The distribution, called Pivotal HD, is notable because it puts EMC in competition with Cloudera, which has a bevy of partners and is often seen as the Red Hat of big data. Many data warehousing players have built Hadoop connectors, but EMC went for a distribution so it could improve query response time. EMC's Pivotal HD could also drive sales of its Greenplum software and appliances.
Josh Klahr, vice president of products at EMC Greenplum, wasn't shy about the Cloudera comparison:
We want to be competitive with Cloudera. When we beta (Pivotal HD) with customers we've been able to stop a Cloudera purchase decision. Every account we go into there's increasing interest and adoption of Hadoop. The interest ranges from experimental to large production deployments.

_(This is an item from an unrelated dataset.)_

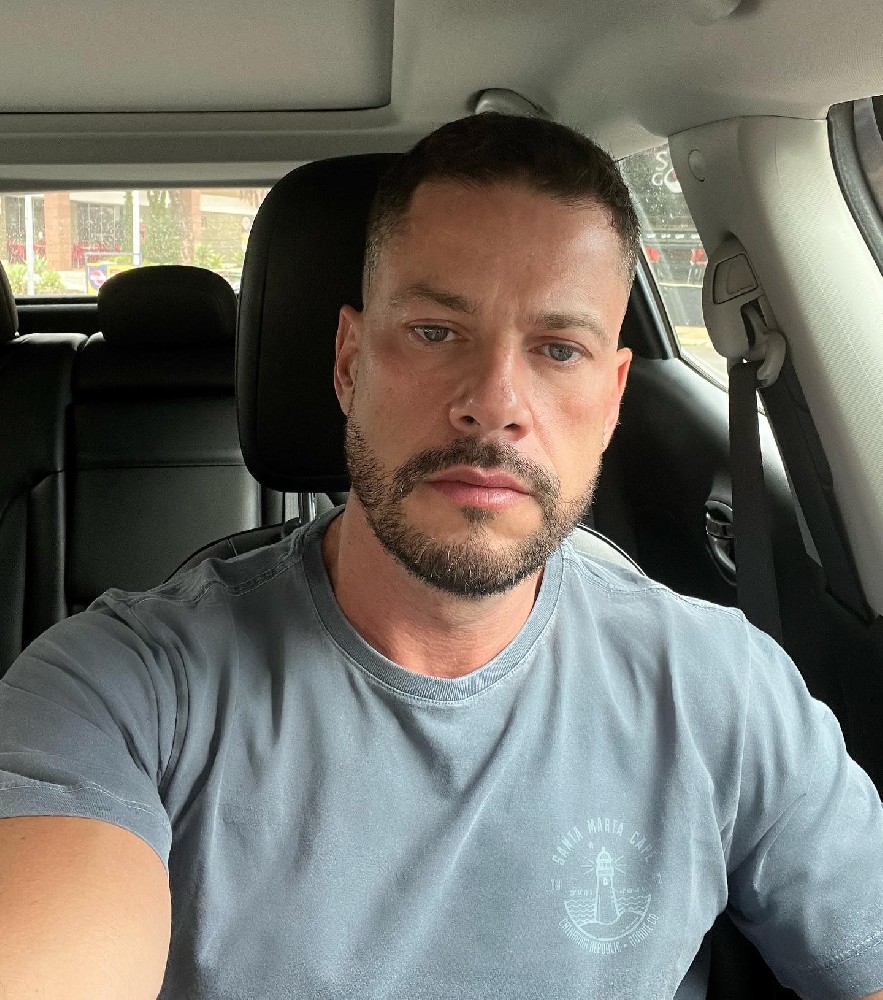 F110 照片736张 视频145个 巴西  欧美 牙科 医生 生活 旅游 健身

Klahr noted that Pivotal HD has parts of Apache Hadoop, value added from the 100 developers EMC has on the project and proprietary database tools.
Among the key points about Pivotal HD:
- EMC's Hadoop distribution natively integrates with Greenplum's massive parallel processing database with Apache Hadoop.
- EMC said that its Hadoop distribution will bring SQL processing to the table and integrate with traditional business intelligence tools. Pivotal HD supports SQL-based data mining tools and allows them to use Hadoop's file system. EMC also outlined Project Hawq, an effort to bring database services to Hadoop.
- Cluster management tools so developers can deploy, configure and manage big data tasks.
- The storage giant claims that Pivotal HD is the most powerful Hadoop distribution because it uses EMC's dynamic pipelining technology. Based on its tests, EMC is claiming response time improvements ranging from 10x to 600x faster than SQL interfaces for Hadoop. EMC provided its own benchmarks comparing Hawq to Hive as well as Cloudera's Impala.
- The distribution bundles VMware's Hadoop Virtualization Extensions. That move isn't surprising given EMC owns VMware.
EMC said the rationale for its own distribution is that Hadoop interfaces in the enterprise aren't up to snuff and connectors are too slow. With Greenplum, EMC is looking to bring components and tools to bridge big data and business intelligence software via SQL.
The biggest issue for the big data market is that Hadoop distributions are piling up. Cloudera, IBM and Hortonworks are a few key players and the field is growing.
Pivotal HD will be available as software only or embedded with an appliance.